Aspiring filmmakers are often encouraged to move to cities like LA or New York to start their career. What about Austin? What drew you to continue your career here?

C: When I was young, I grew up around the idea that if one wants to be a filmmaker, the first step is to move to LA, live on someone’s couch and wait tables until you either hit the lottery by somehow getting noticed, or you give up and just move back home.

Crane Operating and reviewing shots on Wind and Rain

I also knew I was a pretty unlucky person, as a rule. I once was stuck in an elevator after it fell 8 stories for a few hours with 10 other people. That kind of stuff literally happens to me all the time!
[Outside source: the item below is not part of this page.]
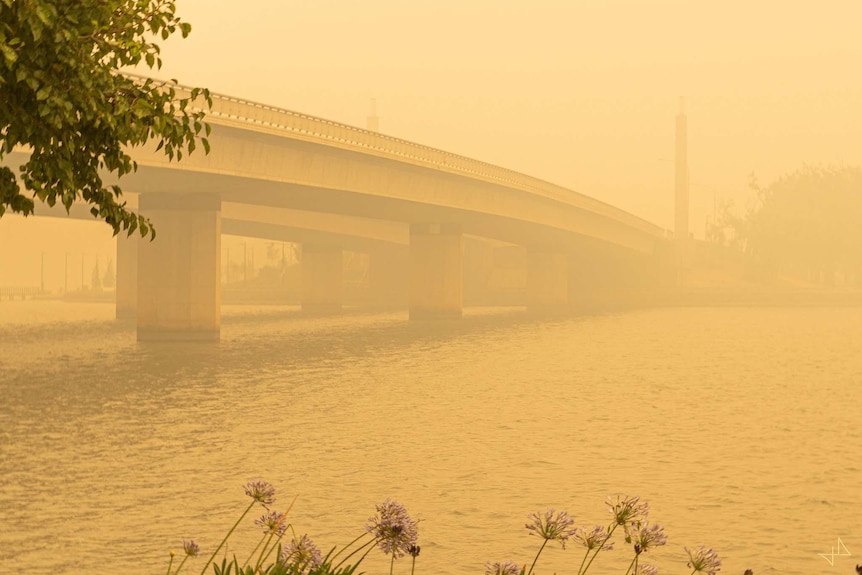 Commonwealth bridge is covered in smoke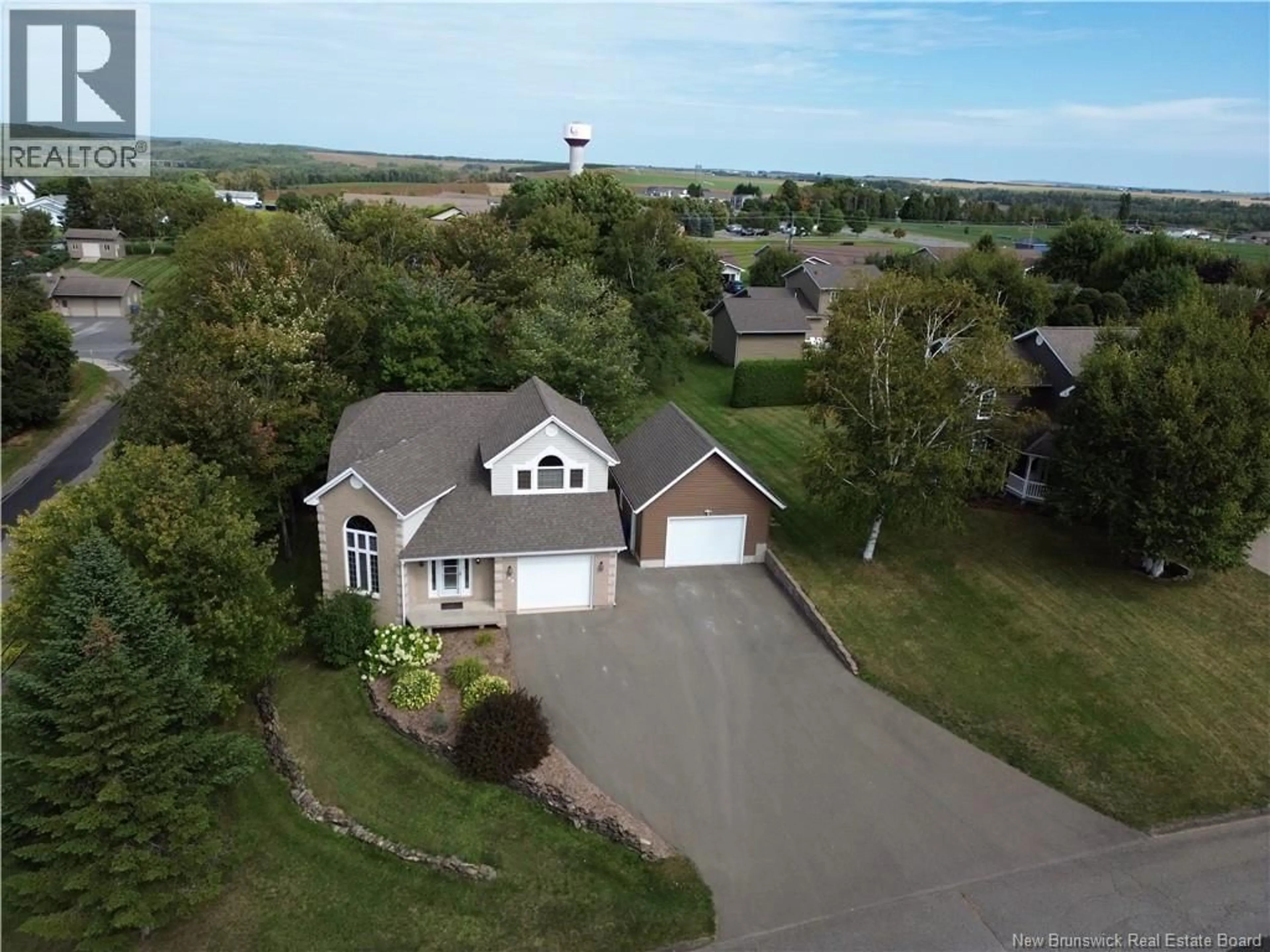 A pic from outside/outdoor area/front of a property/back of a property/a pic from drone, unknown for 200 ST. AMAND STREET, Grand Falls New Brunswick E3Y1C8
On the other hand, I refused to accept this depressing fate. While studying abroad in New Zealand, I saw what was happening with their film scene, my eyes were opened to the idea that it doesn’t matter where you are geographically. If you have a camera and something to point it at, you can release something world-wide through a simple upload. Amazing films worth seeing are made everywhere.

So, I took my future into my own hands. I decided that if I was going to be a filmmaker, I was going to just do it my way.

When I returned to the states, I realized that Indiana just didn’t feel like home anymore. While visiting a couple friends that relocated to ATX from the RTF program I was a part of, I very quickly realized that this was the place to be. Unlike LA and NYC, everyone is so friendly and other filmmakers aren’t so competitive. Instead, they just like to see each other succeed.

(On top of that, it’s socially acceptable to order queso with any meal and eat tacos for breakfast. Why live anywhere else?)

As Community Director, what are some cool new ideas you have for the future of Austin School of Film?

C: I know with the new space we’re moving into, there will be many more exciting opportunities for filmmakers in Austin. I hope to really help build a strong and supportive base of artist services for our community. I would really like to bring the filmmaking medium to more people that may have never had the opportunity to share their stories. I’d love to sit back and just enjoy watching movies on a deeper level with people.

My students with Richard Linklater at AFS

Ultimately, I plan to create a great atmosphere for aspiring artists to explore more about themselves, and their artwork, in a really safe and inspiring space. I know I can’t do all this alone either. So, I welcome anyone that wants to participate in a place like this to help me make it happen.